Nach dem Hochhausbrand von London geht die Polizei von fast doppelt so vielen Toten aus wie bisher angegeben. Vermutlich seien 58 Menschen bei dem Unglück am Mittwoch gestorben, sagte Stuart Cundy von Scotland Yard am Samstag.
Die bestätigte Opferzahl liege zwar weiterhin bei 30 Toten. Nach jüngsten Erkenntnissen würden aber insgesamt 58 Menschen seit der Brandnacht vermisst, sagte Cundy. «Leider muss ich davon ausgehen, dass sie tot sind.» Diese Zahl könne sich noch erhöhen. Es sei aber auch möglich, dass einige der Vermissten in Sicherheit seien, sich aber noch nicht bei den Behörden gemeldet hätten.
Das Feuer im Grenfell Tower im Westen Londons war in der Nacht zu Mittwoch ausgebrochen und hatte sich über die Fassade rasend schnell ausgebreitet. Viele Bewohner wurden im Schlaf überrascht. In dem Sozialbau lebten Berichten zufolge 400 bis 600 Bewohner.
19 Verletzte wurden am Samstag noch in Spitälern der britischen Hauptstadt behandelt. Zehn von ihnen befanden sich in kritischem Zustand, wie die Gesundheitsbehörde NHS mitteilte.
May beruft Sondersitzung ein
Nach heftiger Kritik an ihrer Reaktion auf die Brandkatastrophe in London rief die britische Premierministerin Theresa May Regierungsmitglieder zu einer Sondersitzung ein. Sie wolle dafür sorgen, dass «alles Mögliche getan wird, um die Betroffenen der Tragödie von Grenfell zu unterstützen», sagte ein Regierungssprecher am Samstag.
May empfing am Samstag zudem verletzte Bewohner des zerstörten Grenfell Tower, freiwillige Helfer und Vertreter der Gemeinde in ihrem Amtssitz in Downing Street.
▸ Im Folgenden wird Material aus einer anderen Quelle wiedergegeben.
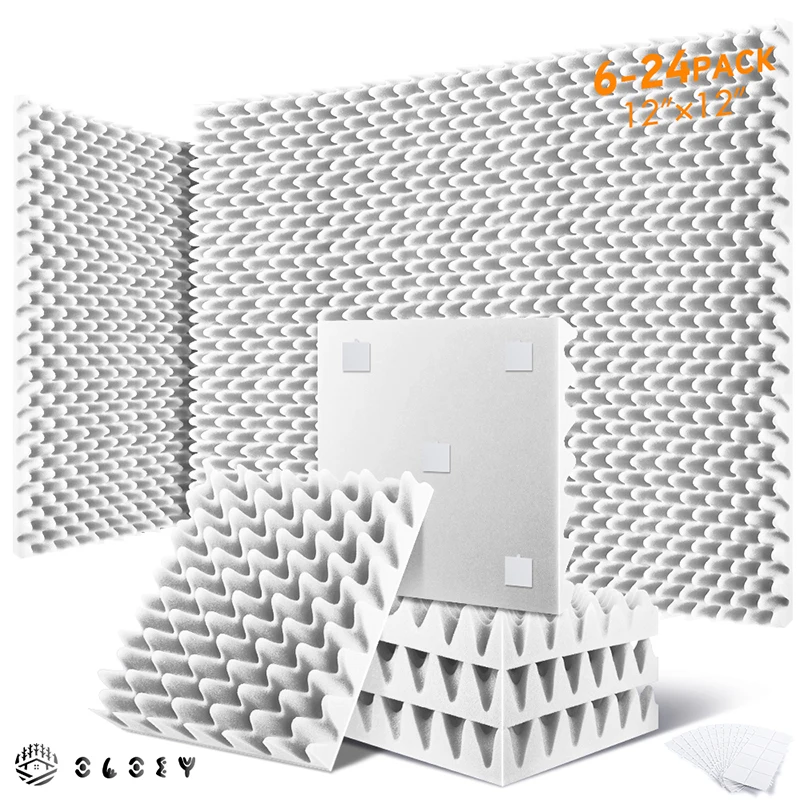 

Sound Proofing Padding 6/12/24 Pcs, Acoustic Foam Egg Crate Acoustic Sponge Pad, Studio Soundproofing Panel Room Accessories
Ein Sprecher der Gruppe sagte, bei dem zweieinhalbstündigen Treffen seien der Regierungschefin die Forderungen der Betroffenen überbracht worden.
Kritiker hatten May vorgeworfen, nicht schnell genug auf das Unglück reagiert zu haben. Ausserdem hatte sie bei einem Besuch am Grenfell Tower am Donnerstag nicht mit den Opfern gesprochen.
Der Oppositionsführer und Labour-Chef Jeremy Corbyn hatte derweil Betroffene getröstet. Am Freitag besuchte May Verletzte in einem Londoner Spital.
Wut der Bevölkerung
Die Wut auf Regierung und Behörden in Grossbritannien war auch am Wochenende noch gross. Vize-Premier Damian Green wies am Samstagmorgen Vorwürfe zurück, May habe nicht angemessen auf das Unglück reagiert.
«Sie ist von den Ereignissen genauso bestürzt wie wir alle», sagte Green der BBC. Die Regierung werde in den kommenden Tagen einen Vorsitzenden für die öffentliche Untersuchung des Brandes bestimmen.
Bei Protesten und Solidaritätskundgebungen für die Brandopfer hatten Demonstranten am Freitagabend unter anderem einen Rücktritt der Premierministerin gefordert. Zuvor war May als «Feigling» beschimpft worden, als sie aus einer Londoner Kirche in der Nähe des Brandorts kam.
Dort hatte sie den Opfern Hilfe in Millionenhöhe versprochen. Bei einem Fernsehinterview am Freitagabend hatte eine Journalistin May wiederholt gefragt, ob sie die Wut im Land nicht begriffen habe.
Unterdessen gab es am Samstag weitere Proteste gegen May. Vor dem Eingangstor zur Downing Street Nummer 10, wo die britische Regierungschefin ihr Büro hat, hielten einige Teilnehmer Schilder mit dem Slogan hoch: «Trotzt der Tory-Herrschaft». Sprechchöre riefen «Vorwärts, Jeremy Corbyn!», um ihre Unterstützung für den Chef der oppositionellen Labour-Partei kundzutun.